Enter the new MAS guidelines (currently subject to public consultation)
MAS doesn’t use the word “cloud” expressly in its consultation. However, MAS has made important changes that are relevant to cloud services and, most importantly, are positive references to cloud services:
- An OK for SaaS, PaaS and IaaS: In Annex 1 of the proposed updated guidelines, MAS expressly lists “SaaS, PaaS and IaaS” as kinds of services that, when performed by a third party, would be regarded as outsourcing arrangements (and therefore subject to the MAS’s notice and guidelines on outsourcing). Therefore, MAS is saying that cloud is a type of service that falls within outsourcing. The implication must be that financial institutions can use cloud services as long as the cloud services they adopt comply with the notice and guidelines on outsourcing.
- An OK to multi-tenancy arrangements: In sections 5.6.2 and 5.7.2 of the updated guidelines, MAS makes express reference to “multi-tenancy arrangements”. In a footnote MAS explains that “Multi-tenancy generally refers to a mode of operation adopted by service providers where a single computing infrastructure (e.g. servers, databases, etc.) is used to serve multiple customers (tenants).” MAS goes on to say that if a financial institution is using a multi-tenancy arrangement then it should pay particular attention to the ability of the arrangement to isolate and clearly identify the financial institution’s documents, data, information, etc. Again, therefore, the implication must be that financial institutions can use cloud services as long as the cloud services they adopt comply with the notice and guidelines on outsourcing.
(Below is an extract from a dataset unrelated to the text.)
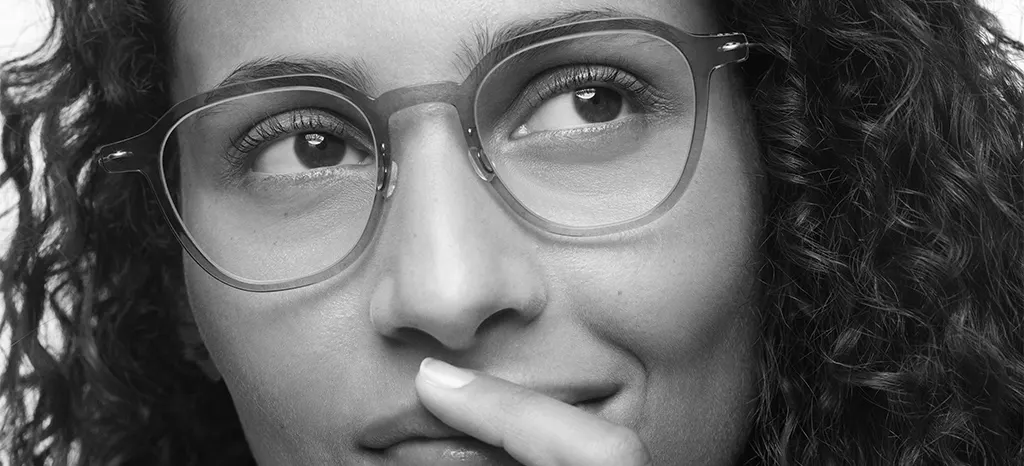 Black-and-white closeup of a woman with curly hair wearing Lindberg eyeglasses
In sections 5.6.2 and 5.7.2, MAS has picked out certain areas where the financial institutions should pay particular attention if they are using cloud services. So this isn’t a “no” to cloud services but rather a “yes, but be careful”.
- An OK to transfers of customer information: The definition of a “material outsourcing arrangement” in the updated guidelines now expressly includes an arrangement “which involves customer information”. Most cloud services will involve customer information. The implication is that financial institutions can enter into outsourcing transactions that involve customer information and, therefore, can use cloud services, as long as the cloud services they adopt comply with the notice and guidelines on outsourcing. This means that MAS will consider most cloud services as a “material outsourcing arrangement” and so the additional requirements will apply to cloud services (e.g. notification to MAS, prior to committing to the cloud services).
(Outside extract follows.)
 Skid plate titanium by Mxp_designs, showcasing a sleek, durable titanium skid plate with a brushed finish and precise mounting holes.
- An OK to outsourcing outside of Singapore: In section 5.10 of the updated guidelines MAS deals with outsourcing outside of Singapore. This section has not really changed, but it is noteworthy that MAS recognises that “the engagement of a service provider in a foreign country… exposes an institution to country risk”. MAS does not say that a financial institution cannot outsource outside of Singapore. MAS points out that an outsourcing outside of Singapore carries additional risks that the financial institution must address. Many cloud services will (to varying extents) be provided from locations outside of Singapore. The implication is that a financial institution can carry out outsourcing outside Singapore, and therefore can use cloud services that are provided from locations outside of Singapore, as long as the cloud services they adopt comply with the notice and guidelines on outsourcing. This means that financial institutions must address the additional “country risks”.
Where Singapore goes…
These proposals are good news for cloud and good for the financial services industry in Singapore. If these positive messages are implemented in the final MAS guidelines, this should stem the reluctance of the financial industry to adopt cloud services. Of course, the rest of the MAS guidelines must be followed but at least it should become a question of how to do it rather than whether to do it.
If Singapore moves in this direction, this could be further good news for the rest of the region. It is often said that MAS acts as an unofficial lead financial regulator in the region. So other countries in the region, where cloud has also been slow to take off, will, hopefully, follow suit.